A finales de siglo los restos mortales
fueron devueltos a sus lugares de origen.

La caja de don Francisco regresó a Infantes con una nota
en la que se decía que aquel esqueleto no debía ser el de Quevedo
porque la dentadura estaba completa
y se sabía que al escritor apenas le quedaban dientes
en el momento de fallecer.


La caja de don Francisco fue arrinconada
en un desván del Ayuntamiento de Infantes.
Allí permaneció años olvidada, cubierta de legajos y polvo.

En 1920, en una reforma del Consistorio,
se descubrió en el Archivo Municipal
una caja negra con letras doradas que decían “Restos de Quevedo”.

Se tomó la decisión de enterrar de nuevo a don Francisco.

El Ayuntamiento, para honrar “como se merece” al personaje,
le organizó un entierro con desfile, banda de música
y merienda tras el sepelio.
Los restos del escritor fueron depositados
en la ermita del cementerio viejo,
la ermita del Cristo de Jamila,
y en ella hay una placa en la que así consta.


En la portada del diario ABC del 16 de junio de 1920,
se publicó un foto del traslado:
La comitiva, tras pasar por la iglesia de San Andrés,
se encamina a la ermita.

Sin embargo, en realidad,
los huesos de don Francisco nunca salieron de San Andrés,
porque los que se enviaron a Madrid
habían sido identificados erróneamente.


En 1955, de modo casual,
se encontró un acta del cabildo, del siglo XVII,
en la que se recogía la consagración,
bajo la sala capitular de la iglesia de San Andrés,
de un oratorio dedicado a Santo Tomás de Villanueva,
oratorio del que no se tenía noticia.
Se encargó al aparejador municipal que iniciara las excavaciones
para la recuperación de ese altar.
En el transcurso de esa búsqueda, igualmente por azar,
se halló una cripta que había permanecido oculta.
Indagando en ello, se descubrió que en el siglo XVIII
la cripta de los Bustos había sido limpiada
y que los huesos habían sido trasladados a un osario común
en una cripta situada bajo la sala capitular,
cripta que obras posteriores habían ocultado.

Allí, confundidos con los huesos de otros 167 cadáveres,
debían estar los despojos de Quevedo.


En abril de 2006, un equipo de once investigadores
de la Escuela de Medicina legal
de la Universidad Complutense de Madrid
se trasladó a Villanueva de los Infantes.

Su objetivo era aclarar,
utilizando modernas técnicas de identificación,
si en alguna de las fosas de la cripta común
yacían los restos de Quevedo.
En el proyecto de investigación participaba también
el personal técnico municipal de Infantes.

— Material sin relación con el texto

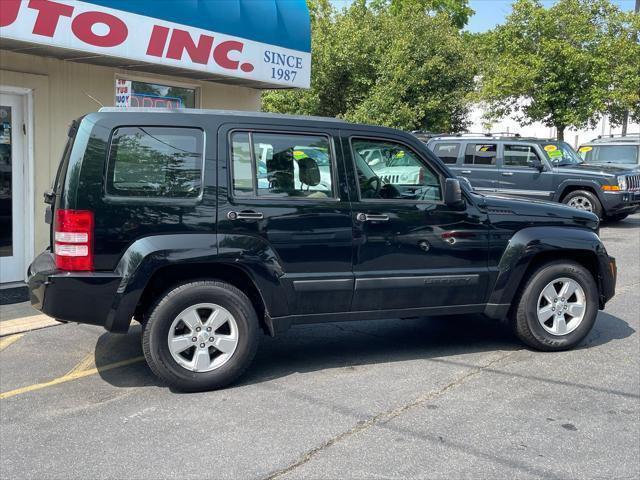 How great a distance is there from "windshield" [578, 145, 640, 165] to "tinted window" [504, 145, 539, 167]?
367 cm

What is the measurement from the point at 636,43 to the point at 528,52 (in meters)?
3.55

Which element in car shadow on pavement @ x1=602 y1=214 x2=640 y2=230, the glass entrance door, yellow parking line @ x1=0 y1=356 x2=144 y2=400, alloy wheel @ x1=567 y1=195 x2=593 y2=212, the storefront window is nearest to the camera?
yellow parking line @ x1=0 y1=356 x2=144 y2=400

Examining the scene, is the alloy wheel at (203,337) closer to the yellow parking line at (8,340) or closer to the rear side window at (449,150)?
the yellow parking line at (8,340)

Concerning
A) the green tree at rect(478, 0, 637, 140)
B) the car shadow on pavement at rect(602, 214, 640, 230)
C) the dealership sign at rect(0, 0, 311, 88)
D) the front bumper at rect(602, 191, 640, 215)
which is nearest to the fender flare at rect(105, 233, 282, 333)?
the dealership sign at rect(0, 0, 311, 88)

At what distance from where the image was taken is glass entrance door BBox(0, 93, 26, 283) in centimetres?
789

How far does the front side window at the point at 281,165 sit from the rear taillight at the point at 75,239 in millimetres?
1048

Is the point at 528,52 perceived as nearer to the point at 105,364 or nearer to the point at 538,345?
the point at 538,345

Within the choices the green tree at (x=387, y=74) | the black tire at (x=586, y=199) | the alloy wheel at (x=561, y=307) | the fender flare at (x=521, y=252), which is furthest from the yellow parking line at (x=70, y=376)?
the green tree at (x=387, y=74)

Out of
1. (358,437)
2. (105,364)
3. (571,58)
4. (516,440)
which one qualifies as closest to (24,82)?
(105,364)

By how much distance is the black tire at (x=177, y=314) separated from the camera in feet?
15.4

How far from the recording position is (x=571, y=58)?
1983 centimetres

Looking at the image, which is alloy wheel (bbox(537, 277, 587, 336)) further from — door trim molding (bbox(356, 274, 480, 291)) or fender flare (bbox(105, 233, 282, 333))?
fender flare (bbox(105, 233, 282, 333))

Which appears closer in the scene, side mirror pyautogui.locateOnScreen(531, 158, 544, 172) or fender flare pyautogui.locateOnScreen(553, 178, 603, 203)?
fender flare pyautogui.locateOnScreen(553, 178, 603, 203)

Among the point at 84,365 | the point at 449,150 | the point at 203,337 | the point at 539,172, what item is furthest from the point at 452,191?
the point at 449,150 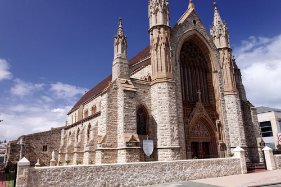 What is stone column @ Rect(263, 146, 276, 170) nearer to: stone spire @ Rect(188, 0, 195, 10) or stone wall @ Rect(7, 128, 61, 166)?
stone spire @ Rect(188, 0, 195, 10)

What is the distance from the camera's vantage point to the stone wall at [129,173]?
11.3 metres

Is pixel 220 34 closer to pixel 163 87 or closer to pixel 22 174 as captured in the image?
pixel 163 87

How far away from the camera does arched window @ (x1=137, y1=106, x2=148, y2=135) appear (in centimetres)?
2053

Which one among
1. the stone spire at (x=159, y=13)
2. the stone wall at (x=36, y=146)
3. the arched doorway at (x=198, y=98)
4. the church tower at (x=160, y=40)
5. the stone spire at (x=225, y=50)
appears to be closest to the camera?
the church tower at (x=160, y=40)

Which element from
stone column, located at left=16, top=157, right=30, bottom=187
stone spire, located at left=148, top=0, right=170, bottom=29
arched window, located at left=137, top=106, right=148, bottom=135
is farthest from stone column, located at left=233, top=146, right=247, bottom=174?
stone column, located at left=16, top=157, right=30, bottom=187

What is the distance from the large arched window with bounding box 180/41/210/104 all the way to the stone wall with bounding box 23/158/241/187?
8394 millimetres

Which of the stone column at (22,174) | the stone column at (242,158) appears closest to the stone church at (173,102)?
the stone column at (242,158)

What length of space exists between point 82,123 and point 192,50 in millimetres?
15032

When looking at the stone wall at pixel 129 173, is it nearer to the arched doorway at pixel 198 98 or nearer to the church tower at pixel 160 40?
the arched doorway at pixel 198 98

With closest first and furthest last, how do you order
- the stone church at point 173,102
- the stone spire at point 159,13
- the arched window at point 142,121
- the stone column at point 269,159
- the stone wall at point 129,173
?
the stone wall at point 129,173 < the stone church at point 173,102 < the stone column at point 269,159 < the arched window at point 142,121 < the stone spire at point 159,13

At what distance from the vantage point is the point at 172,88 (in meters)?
20.8

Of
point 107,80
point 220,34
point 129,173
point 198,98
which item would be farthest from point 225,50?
point 107,80

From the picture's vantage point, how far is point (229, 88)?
25.3 meters

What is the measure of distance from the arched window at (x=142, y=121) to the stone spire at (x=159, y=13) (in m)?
7.97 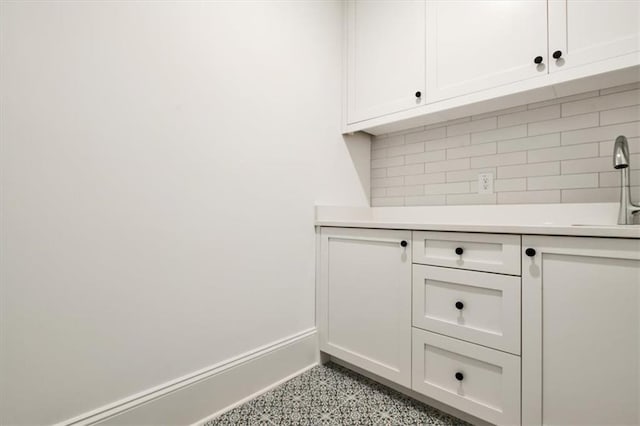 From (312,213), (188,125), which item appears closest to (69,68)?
(188,125)

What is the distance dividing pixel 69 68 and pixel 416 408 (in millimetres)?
1886

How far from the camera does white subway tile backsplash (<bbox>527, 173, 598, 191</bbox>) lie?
54.8 inches

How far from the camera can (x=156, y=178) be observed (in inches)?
45.8

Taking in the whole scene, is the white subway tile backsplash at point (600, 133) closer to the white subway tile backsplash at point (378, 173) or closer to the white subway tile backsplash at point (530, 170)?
the white subway tile backsplash at point (530, 170)

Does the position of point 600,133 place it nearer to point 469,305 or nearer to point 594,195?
point 594,195

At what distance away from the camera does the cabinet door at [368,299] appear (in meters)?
1.40

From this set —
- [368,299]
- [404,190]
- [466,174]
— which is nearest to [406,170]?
[404,190]

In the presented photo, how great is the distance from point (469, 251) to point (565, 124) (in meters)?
0.87

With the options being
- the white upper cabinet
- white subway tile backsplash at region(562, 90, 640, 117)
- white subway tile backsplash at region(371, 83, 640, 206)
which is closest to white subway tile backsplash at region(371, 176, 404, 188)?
white subway tile backsplash at region(371, 83, 640, 206)

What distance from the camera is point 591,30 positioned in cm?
117

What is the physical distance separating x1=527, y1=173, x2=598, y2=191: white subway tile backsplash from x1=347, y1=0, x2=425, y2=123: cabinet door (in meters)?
0.73

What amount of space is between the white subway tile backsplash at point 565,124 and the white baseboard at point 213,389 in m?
1.62

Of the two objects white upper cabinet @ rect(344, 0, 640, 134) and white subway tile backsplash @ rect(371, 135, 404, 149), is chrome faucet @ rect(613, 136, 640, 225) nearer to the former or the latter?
white upper cabinet @ rect(344, 0, 640, 134)

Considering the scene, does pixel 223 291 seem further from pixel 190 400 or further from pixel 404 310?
pixel 404 310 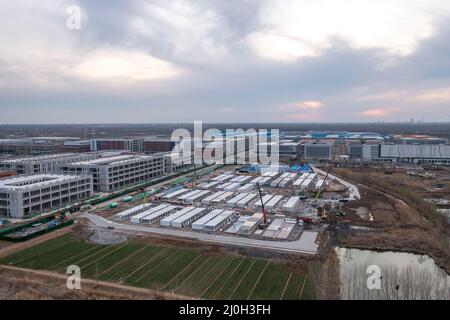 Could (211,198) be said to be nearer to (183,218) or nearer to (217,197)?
(217,197)

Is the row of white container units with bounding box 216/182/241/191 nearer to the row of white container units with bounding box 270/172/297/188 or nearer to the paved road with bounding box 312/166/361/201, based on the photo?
the row of white container units with bounding box 270/172/297/188

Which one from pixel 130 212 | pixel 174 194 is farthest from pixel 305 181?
pixel 130 212

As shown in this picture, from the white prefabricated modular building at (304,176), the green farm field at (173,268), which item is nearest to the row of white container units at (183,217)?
the green farm field at (173,268)

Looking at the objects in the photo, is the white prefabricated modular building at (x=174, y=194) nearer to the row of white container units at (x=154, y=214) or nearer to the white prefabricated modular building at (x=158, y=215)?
the row of white container units at (x=154, y=214)

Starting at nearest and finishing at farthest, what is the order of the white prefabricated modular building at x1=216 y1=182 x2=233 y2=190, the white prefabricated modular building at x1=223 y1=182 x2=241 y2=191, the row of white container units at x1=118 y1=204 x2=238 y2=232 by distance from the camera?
the row of white container units at x1=118 y1=204 x2=238 y2=232
the white prefabricated modular building at x1=223 y1=182 x2=241 y2=191
the white prefabricated modular building at x1=216 y1=182 x2=233 y2=190

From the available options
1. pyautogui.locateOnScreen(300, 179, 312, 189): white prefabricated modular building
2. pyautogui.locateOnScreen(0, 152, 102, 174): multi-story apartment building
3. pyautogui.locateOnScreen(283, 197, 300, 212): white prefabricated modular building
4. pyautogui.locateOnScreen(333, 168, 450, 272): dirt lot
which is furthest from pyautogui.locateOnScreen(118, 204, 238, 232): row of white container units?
pyautogui.locateOnScreen(0, 152, 102, 174): multi-story apartment building

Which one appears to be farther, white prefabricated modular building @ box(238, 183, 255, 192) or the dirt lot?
white prefabricated modular building @ box(238, 183, 255, 192) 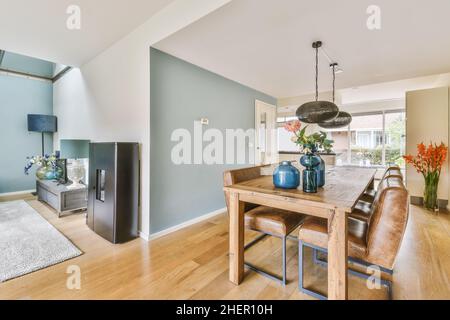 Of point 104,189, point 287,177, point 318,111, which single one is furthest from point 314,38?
point 104,189

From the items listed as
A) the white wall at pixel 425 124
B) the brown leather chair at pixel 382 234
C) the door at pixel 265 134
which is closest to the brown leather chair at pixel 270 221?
the brown leather chair at pixel 382 234

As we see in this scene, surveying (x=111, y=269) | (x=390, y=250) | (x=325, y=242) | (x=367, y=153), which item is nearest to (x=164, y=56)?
(x=111, y=269)

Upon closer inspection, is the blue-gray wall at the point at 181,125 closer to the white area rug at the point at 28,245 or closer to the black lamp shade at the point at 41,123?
the white area rug at the point at 28,245

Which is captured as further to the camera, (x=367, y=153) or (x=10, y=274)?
(x=367, y=153)

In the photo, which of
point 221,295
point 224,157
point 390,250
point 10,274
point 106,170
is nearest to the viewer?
point 390,250

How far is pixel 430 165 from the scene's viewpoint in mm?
3771

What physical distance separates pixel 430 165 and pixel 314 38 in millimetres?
3355

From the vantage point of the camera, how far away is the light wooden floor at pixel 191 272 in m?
1.62

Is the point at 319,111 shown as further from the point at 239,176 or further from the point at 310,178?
the point at 239,176

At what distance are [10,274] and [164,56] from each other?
270cm

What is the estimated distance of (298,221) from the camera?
192 cm

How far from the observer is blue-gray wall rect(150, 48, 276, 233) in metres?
2.62

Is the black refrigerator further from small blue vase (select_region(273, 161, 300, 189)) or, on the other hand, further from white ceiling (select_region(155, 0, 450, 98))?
small blue vase (select_region(273, 161, 300, 189)) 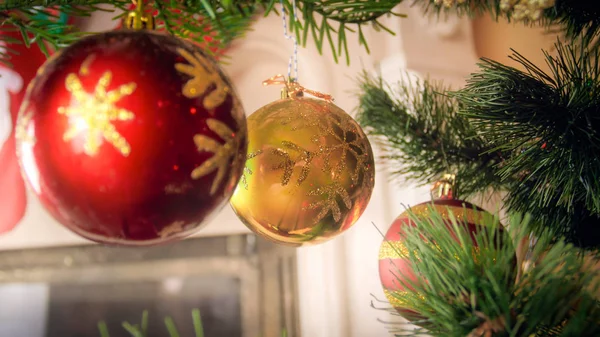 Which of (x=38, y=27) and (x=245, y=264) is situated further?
(x=245, y=264)

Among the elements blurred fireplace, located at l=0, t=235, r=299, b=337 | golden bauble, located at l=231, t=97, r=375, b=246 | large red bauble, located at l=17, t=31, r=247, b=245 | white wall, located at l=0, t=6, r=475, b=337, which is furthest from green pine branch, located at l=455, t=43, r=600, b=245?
blurred fireplace, located at l=0, t=235, r=299, b=337

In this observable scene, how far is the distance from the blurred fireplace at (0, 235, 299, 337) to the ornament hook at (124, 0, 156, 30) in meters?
0.75

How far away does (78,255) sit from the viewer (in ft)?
→ 3.19

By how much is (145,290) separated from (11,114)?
45cm

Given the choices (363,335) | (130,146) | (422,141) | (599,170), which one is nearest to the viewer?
(130,146)

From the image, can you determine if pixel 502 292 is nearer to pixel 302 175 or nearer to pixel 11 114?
pixel 302 175

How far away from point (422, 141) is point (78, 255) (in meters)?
0.79

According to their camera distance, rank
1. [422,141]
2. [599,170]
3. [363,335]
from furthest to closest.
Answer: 1. [363,335]
2. [422,141]
3. [599,170]

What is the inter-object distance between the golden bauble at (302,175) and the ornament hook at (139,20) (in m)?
0.12

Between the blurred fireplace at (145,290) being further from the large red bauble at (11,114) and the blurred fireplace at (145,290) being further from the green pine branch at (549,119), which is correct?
the green pine branch at (549,119)

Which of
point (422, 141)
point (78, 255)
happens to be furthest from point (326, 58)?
point (78, 255)

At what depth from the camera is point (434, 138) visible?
2.01 ft

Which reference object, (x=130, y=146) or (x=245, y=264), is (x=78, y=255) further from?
(x=130, y=146)

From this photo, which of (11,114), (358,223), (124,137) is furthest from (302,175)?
(11,114)
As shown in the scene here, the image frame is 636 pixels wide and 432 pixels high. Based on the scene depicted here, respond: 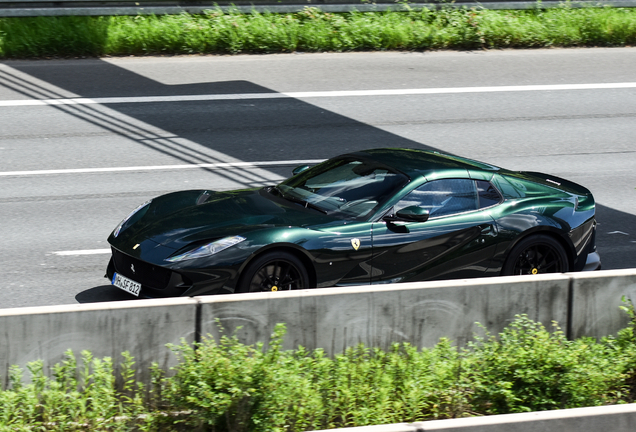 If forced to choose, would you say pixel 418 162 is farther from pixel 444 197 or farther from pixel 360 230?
pixel 360 230

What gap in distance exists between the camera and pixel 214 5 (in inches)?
695

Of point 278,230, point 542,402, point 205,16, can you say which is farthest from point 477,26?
point 542,402

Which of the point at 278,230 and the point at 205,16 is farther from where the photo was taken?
the point at 205,16

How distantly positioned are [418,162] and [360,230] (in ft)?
3.69

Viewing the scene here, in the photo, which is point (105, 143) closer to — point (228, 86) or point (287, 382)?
point (228, 86)

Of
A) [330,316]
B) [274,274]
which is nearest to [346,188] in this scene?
[274,274]

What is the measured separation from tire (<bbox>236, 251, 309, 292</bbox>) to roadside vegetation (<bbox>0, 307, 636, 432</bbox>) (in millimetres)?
1201

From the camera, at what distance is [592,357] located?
5984 millimetres

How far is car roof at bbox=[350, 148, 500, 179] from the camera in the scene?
7867mm

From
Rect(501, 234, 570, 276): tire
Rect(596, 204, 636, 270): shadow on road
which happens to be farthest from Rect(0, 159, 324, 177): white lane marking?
Rect(501, 234, 570, 276): tire

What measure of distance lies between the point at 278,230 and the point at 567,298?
92.2 inches

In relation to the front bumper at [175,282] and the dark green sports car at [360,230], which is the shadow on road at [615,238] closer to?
the dark green sports car at [360,230]

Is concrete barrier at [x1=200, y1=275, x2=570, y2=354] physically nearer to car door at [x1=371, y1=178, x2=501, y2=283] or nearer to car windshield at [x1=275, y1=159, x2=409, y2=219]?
car door at [x1=371, y1=178, x2=501, y2=283]

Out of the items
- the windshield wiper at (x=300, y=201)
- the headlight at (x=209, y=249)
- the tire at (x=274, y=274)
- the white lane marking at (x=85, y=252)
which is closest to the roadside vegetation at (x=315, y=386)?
the tire at (x=274, y=274) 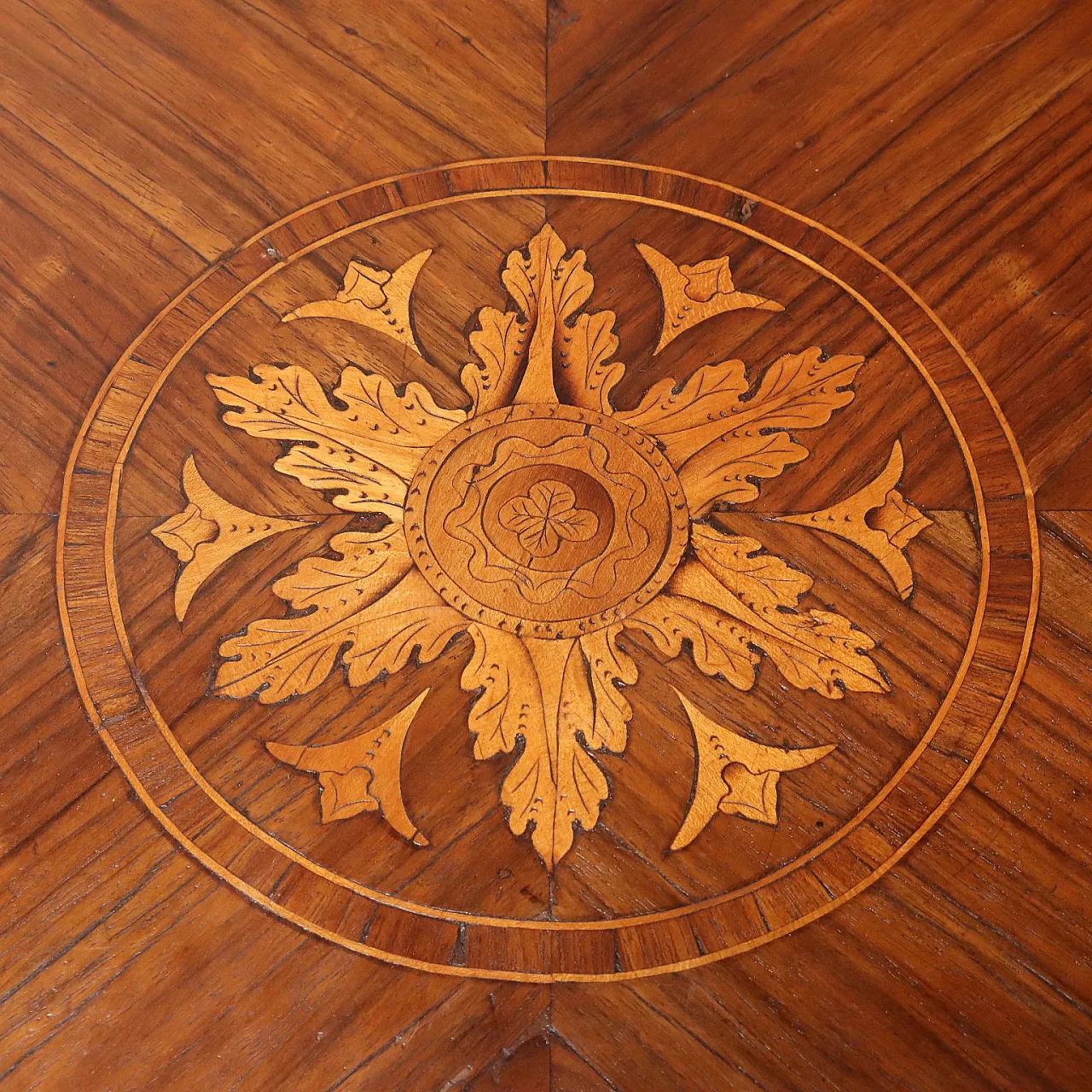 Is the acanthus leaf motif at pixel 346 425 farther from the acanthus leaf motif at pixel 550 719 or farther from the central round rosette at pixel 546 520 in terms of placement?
the acanthus leaf motif at pixel 550 719

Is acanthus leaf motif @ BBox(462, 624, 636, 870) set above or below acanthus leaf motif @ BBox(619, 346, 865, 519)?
below

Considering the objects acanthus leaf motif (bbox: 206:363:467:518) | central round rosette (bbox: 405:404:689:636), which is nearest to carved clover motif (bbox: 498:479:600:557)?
central round rosette (bbox: 405:404:689:636)

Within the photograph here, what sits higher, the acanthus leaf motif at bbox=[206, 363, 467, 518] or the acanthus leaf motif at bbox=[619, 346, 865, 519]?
the acanthus leaf motif at bbox=[619, 346, 865, 519]

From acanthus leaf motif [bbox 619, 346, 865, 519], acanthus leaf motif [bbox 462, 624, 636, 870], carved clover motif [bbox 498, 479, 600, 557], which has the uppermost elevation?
acanthus leaf motif [bbox 619, 346, 865, 519]

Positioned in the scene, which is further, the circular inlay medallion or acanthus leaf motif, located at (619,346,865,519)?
acanthus leaf motif, located at (619,346,865,519)

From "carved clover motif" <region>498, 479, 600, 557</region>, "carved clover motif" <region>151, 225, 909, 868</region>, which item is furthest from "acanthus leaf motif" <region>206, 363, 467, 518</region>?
"carved clover motif" <region>498, 479, 600, 557</region>

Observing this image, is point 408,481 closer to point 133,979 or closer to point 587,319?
point 587,319

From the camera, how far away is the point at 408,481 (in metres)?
1.04

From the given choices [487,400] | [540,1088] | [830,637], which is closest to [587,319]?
[487,400]

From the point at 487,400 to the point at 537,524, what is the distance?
14cm

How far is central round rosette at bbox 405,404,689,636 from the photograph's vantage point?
100 cm

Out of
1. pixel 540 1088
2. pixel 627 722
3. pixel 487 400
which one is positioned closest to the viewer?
pixel 540 1088

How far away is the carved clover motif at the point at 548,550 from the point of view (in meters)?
0.95

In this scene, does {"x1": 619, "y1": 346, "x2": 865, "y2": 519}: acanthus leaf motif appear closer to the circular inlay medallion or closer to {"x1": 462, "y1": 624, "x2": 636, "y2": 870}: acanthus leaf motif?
the circular inlay medallion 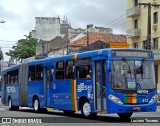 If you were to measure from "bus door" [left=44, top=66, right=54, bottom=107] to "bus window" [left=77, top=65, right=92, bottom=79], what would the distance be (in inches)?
125

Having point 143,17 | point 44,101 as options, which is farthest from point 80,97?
point 143,17

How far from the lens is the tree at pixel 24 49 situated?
94.7 meters

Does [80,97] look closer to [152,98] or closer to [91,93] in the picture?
[91,93]

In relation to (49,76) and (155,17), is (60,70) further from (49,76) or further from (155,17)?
(155,17)

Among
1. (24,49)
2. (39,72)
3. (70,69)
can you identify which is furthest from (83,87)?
(24,49)

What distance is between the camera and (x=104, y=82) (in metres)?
17.9

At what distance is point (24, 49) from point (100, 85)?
77581 mm

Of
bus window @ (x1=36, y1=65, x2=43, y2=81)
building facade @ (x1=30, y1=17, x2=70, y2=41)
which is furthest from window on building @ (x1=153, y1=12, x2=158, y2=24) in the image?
building facade @ (x1=30, y1=17, x2=70, y2=41)

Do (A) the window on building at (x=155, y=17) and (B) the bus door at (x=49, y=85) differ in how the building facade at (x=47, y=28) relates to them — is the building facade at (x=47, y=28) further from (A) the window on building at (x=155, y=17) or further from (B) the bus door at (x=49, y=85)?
(B) the bus door at (x=49, y=85)

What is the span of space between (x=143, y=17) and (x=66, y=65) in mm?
32260

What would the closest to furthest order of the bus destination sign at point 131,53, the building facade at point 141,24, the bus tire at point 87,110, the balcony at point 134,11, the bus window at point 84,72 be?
the bus destination sign at point 131,53 < the bus tire at point 87,110 < the bus window at point 84,72 < the building facade at point 141,24 < the balcony at point 134,11

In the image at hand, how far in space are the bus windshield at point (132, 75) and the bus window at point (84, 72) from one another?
5.41ft

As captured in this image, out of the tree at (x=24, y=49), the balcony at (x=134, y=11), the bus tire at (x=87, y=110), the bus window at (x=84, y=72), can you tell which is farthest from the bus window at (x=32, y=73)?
the tree at (x=24, y=49)

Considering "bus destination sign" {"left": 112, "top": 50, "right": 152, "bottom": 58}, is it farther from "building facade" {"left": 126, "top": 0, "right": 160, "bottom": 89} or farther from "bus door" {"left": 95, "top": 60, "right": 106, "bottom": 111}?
"building facade" {"left": 126, "top": 0, "right": 160, "bottom": 89} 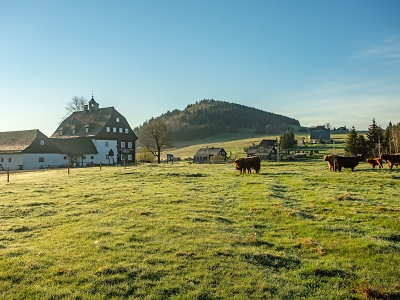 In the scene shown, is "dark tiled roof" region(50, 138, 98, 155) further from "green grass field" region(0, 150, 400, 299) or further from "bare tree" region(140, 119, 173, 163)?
"green grass field" region(0, 150, 400, 299)

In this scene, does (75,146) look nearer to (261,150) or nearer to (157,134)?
(157,134)

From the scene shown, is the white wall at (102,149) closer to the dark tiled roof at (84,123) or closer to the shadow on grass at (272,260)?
the dark tiled roof at (84,123)

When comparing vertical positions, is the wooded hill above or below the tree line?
above

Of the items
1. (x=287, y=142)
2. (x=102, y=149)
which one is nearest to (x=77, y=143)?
(x=102, y=149)

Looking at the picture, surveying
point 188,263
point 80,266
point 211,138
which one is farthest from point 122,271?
point 211,138

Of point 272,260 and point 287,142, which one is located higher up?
point 287,142

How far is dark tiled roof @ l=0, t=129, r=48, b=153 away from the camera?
57.1 meters

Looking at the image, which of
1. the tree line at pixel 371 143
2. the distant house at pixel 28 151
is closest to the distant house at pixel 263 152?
the tree line at pixel 371 143

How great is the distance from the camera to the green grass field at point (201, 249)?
20.3ft

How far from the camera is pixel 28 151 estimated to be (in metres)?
56.1

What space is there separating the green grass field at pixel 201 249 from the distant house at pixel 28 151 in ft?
153

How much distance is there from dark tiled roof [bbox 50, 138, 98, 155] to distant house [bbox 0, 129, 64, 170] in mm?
1442

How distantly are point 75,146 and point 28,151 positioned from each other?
9.19m

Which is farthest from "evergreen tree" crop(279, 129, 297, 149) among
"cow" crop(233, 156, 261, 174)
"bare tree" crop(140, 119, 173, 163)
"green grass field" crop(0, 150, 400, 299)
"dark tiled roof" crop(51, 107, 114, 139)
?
"green grass field" crop(0, 150, 400, 299)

Bajo el suelo de la cripta, los investigadores encontraron
osamentas de adultos, de niños e incluso de animales,
revueltas, sin conexión anatómica
y entre piezas de madera, cuero, tela, metal y piedra.
Las desenterraron.
Tuvieron que analizar y clasificar casi cuarenta mil huesos.

El 16 de abril de 2007 se presentaron en Madrid
las conclusiones finales del trabajo:

Se había conseguido identificar como pertenecientes a Quevedo,
a partir de su conocida cojera,
diez huesos
– dos fémures, una clavícula, un húmero y seis vértebras –.

El 18 de mayo de 2007 se celebró en Infantes
el cuarto entierro de Francisco de Quevedo.


Los huesos identificados se guardaron
en una urna de forja, elaborada en Infantes,
con el nombre del escritor y una roja cruz de Santiago.
En otra arqueta se depositaron
el estudio de los investigadores,
certificados de la Escuela de Medicina Legal,
varias monedas de curso legal, prensa actual,
una acta de depósito firmada por el Consistorio y la Iglesia infanteños
y el documento notarial que acredita la autenticidad de lo enterrado.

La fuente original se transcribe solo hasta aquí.